As you already know, the release of a semiprivate letter by ICTY judge Frederik Harhoff last week set off quite a storm. First of all it came on the heels of exasperation after one more round of surprise acquittals. Second, it added an inside source to the years of speculation about whether disillusion inside the Tribunal approached the level of disillusion outside it. Third, it came at a time when events like the “Bebolucija” in Bosnia-Hercegovina suggested that citizens were getting a little more sick than usual of the useless nationalist politicians they have been instructed that they have to live with. But all of these facts have to do with things like justice, peace, reconciliation, the lives of victims, ordinary people living in the region. Nothing that international elites are likely to get too excited about.
What got people moving was the perceived attack on a new direction in international jurisprudence and on the iconic status in a part of the profession of presiding judge Theodor Meron, described in the brief of the first defence lawyers to try to profit from this train wreck as “a judge of unimpeachable international reputation and renown.” This got the attention of a part of the international law community dismayed at the dirty old public peeking in. And it exposed the division, as I have pointed out elsewhere, between advocates for the establishment of the rule of international law and advocates of its restriction. After all that time and work that went into marinating, there was a pretty good effort to offer a united front against the demeronisation of the Tribunal’s legacy.
It has been fun to watch the wagons circling. The main part of the activity has involved name-calling, in the form of the defenders calling the critics conspiracy theorists. This is a classic example of the “straw man” strategy in which one answers a critic not by responding to what the critic is saying but by inventing some other point and responding to that. It has also been a little fun to observe the way in which the charge against imaginary conspiracy theorists is more or less entirely led by interested parties.
But now we have our first real conspiracy theory! And it does not look at all like the ones that people who were imagining conspiracy theories had in mind. To be fair, it is not really the first one. There was this one from some Russian dude that kind of meanders through a bunch of contradictions, then seems to settle on the idea that the conspiracy was to be critical of acquittals of indictees of the wrong nationality. Not very impressive! You get the feeling that this conspiracy theorist is not even trying.

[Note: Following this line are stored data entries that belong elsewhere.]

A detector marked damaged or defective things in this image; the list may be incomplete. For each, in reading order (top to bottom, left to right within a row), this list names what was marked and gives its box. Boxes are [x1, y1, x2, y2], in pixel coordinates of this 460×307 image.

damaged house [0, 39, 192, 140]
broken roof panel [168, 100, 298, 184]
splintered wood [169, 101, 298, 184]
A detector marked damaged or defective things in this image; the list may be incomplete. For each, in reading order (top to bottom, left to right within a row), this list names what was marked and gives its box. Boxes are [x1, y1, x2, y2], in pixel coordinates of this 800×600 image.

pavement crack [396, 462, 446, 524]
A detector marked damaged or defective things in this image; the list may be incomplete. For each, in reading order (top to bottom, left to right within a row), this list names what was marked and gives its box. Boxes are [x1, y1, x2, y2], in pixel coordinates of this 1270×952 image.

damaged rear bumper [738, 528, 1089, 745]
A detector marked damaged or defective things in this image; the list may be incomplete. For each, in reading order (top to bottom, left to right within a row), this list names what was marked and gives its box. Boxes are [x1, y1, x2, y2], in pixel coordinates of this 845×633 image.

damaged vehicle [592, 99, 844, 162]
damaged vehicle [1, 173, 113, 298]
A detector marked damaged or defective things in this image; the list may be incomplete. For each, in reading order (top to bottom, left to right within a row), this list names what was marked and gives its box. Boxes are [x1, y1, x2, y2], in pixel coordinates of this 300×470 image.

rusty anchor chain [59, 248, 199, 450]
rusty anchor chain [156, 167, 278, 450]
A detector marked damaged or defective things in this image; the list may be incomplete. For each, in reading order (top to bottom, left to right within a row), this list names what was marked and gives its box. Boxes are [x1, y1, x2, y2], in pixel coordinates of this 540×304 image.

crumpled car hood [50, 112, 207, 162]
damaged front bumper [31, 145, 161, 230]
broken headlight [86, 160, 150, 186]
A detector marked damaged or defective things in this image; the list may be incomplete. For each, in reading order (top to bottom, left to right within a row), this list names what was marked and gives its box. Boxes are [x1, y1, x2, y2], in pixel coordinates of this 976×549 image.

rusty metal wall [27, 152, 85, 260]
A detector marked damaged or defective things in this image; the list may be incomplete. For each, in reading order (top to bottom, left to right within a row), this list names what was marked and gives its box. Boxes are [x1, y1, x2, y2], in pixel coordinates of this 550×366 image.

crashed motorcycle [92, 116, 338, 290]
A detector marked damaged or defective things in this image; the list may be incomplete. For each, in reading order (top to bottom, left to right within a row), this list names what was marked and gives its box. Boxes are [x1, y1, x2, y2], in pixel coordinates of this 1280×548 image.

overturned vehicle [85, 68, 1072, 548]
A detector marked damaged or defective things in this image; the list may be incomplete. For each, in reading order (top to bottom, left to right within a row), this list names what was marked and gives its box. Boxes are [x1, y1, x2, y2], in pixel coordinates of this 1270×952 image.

A much more creditable effort comes from Luka Mišetić, the lawyer who led the defence for Anto Furundžija and Ante Gotovina before ICTY. This one has to be acknowledged as a conspiracy theory because it uses the word “conspiracy.” What’s even nicer is that it uses the phrase “joint criminal enterprise” as a synonym for “conspiracy.” This is great coming from a lawyer who knows that the convictions obtained under the theory of conspiracy at the Tokyo Tribunal could not be obtained anywhere else. Yet more fun – although the whole JCE thing is a conceit he is trying on for rhetorical effect, as authority for it he cites a trial judgement that he successfully appealed. But let’s grant the conspiracy theorist the privilege of using terms satirically and suspend disbelief for a little while, otherwise the story would have to end.
Here the conspiracy involves Florence Hartmann, Mirko Klarin, the ICTY prosecutors, Serbia, Carl Bildt, and something called “Nordic intelligence. (“Ja, I could give you my meatball recipe, but then I would have to kill you”). Evidence for their collusion is a photo with an insulting caption that shows the first two conspirators having a drink together. By the odd workings of coincidence, I do know when and where the photo was taken because it was a conference that I attended as well (together with about 200 other people). It was a nice conference, not secret or sinister or conspiratorial, but an opportunity for researchers, journalists, and representatives of a wide range of social groups to talk about reconciliation and transitional justice. Here is a report (also not secret) from the organizers.
Anyway, prosecutors, diplomats, journalists, a state, the chef from the Muppet Show – what brings these disparate forces together? According to the theory it was an effort to protect Carl Bildt from embarrassment. This is a little funny considering Florence Hartmann’s assiduously displayed concern for defending the reputation of Carl Bildt.
Unfortunately there is not any bread to go with this circus. What is the goal of the conspiracy? Apparently it is to offer public criticism of a public official discharging a public function. That does not really rise to the level of criminal activity, at least in most legitimate states.
Actually Mr Mišetić is fairly open about his purpose in offering up his conspiracy theory: it is that damage to the reputation of Meron puts the credibility of the appeals verdict in the Gotovina case, his greatest courtroom success to date, in danger. He’s right about that, but it points to the reason that interested parties make bad sources. He also seems to have something against Florence Hartmann, Mirko Klarin, and all Scandinavians, but whatever, other people’s personal lives.
And now the prize question: Can anyone think of a reason why citizens in the region affected by this would look at a small group of people engaged in fingerpointing and namecalling games and imagine that their fates are in the hands of an irresponsible, self-absorbed clique whose members don’t give two fucks about them? Best answer gets a drink bought by me at the amusingly named club of čika Luka’s choice. We could even take a photo.